I found a 2 year gap easy. I was fully in parenting mode and became a sahm (gave up pre kids job to childmind two 1 year olds 5 days per week along with dc1 when Dc1 was 9 months, then had to shut down my childminding business in order to move a long distance away when I was 8 months pregnant, and became a sahm).
I had dc3 when dc1 and 2 were infant and junior school age and it was much, much harder.
With a 2 year gap it's easy to find your own routine and do things suited to both children. When you have a newborn and a 2 year old you can have a late start if the baby's kept you up all night (I don't mean get up late because 2 year olds don't lie in, but you can all stay in pyjamas and watch cbeebies and have a toast and milk picnic and doze a bit til 9am).
It's so easy to parent well when they're close in age, with activities and outings that suit both as soon as the baby's a young toddler (obviously before that the baby doesn't really care what activities are going on as long as he or she is close to a parent, warm, clean and fed).

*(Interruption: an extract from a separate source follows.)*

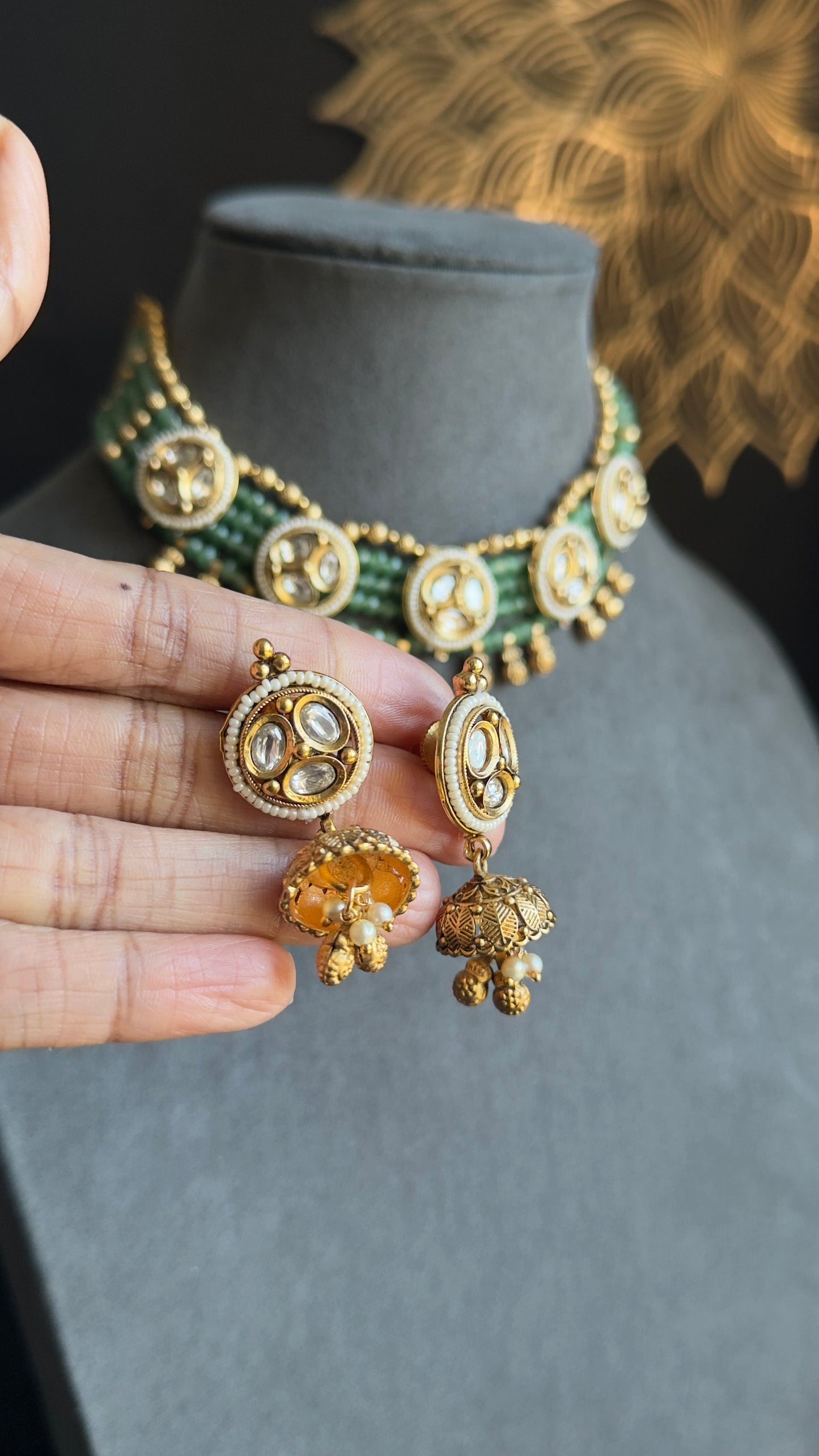 Dainty Rajwadi Pearl Necklaec; Drop Jhumka - BOLLYWOOD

With young school children you're in someone else's schedule with school, kids have activities and friends over/ agreement to be at set places at set times. So often I had to take the newborn off the breast before he'd really totally finished because we'd be late otherwise, or pick him up out of bed for the school run just when he'd finally fallen into a deep sleep after being restless and waking constantly all night. I was constantly catching up with myself, everything was scrappy and unsatisfactory.
Dc1 and 2 with a small gap were very close until dc1 was about 9, but that's personality I think. Dc3 with a bigger 3.5/ 5.5 gap was a cute toy or pet to them - they adored and spoiled him but he wasn't a peer or equal playmate. This changed naturally over time though and dc3 and 2 played together on a more equal level once they were about 5 and 8.5 - it took much, much longer than with a smaller gap for them to be playmates, though partly because dc2 already had dc1...
It evens out in the end but for the newborn and preschool years I found a 2 year gap much, much, much easier than older sibling/s young school age when newborn arrived.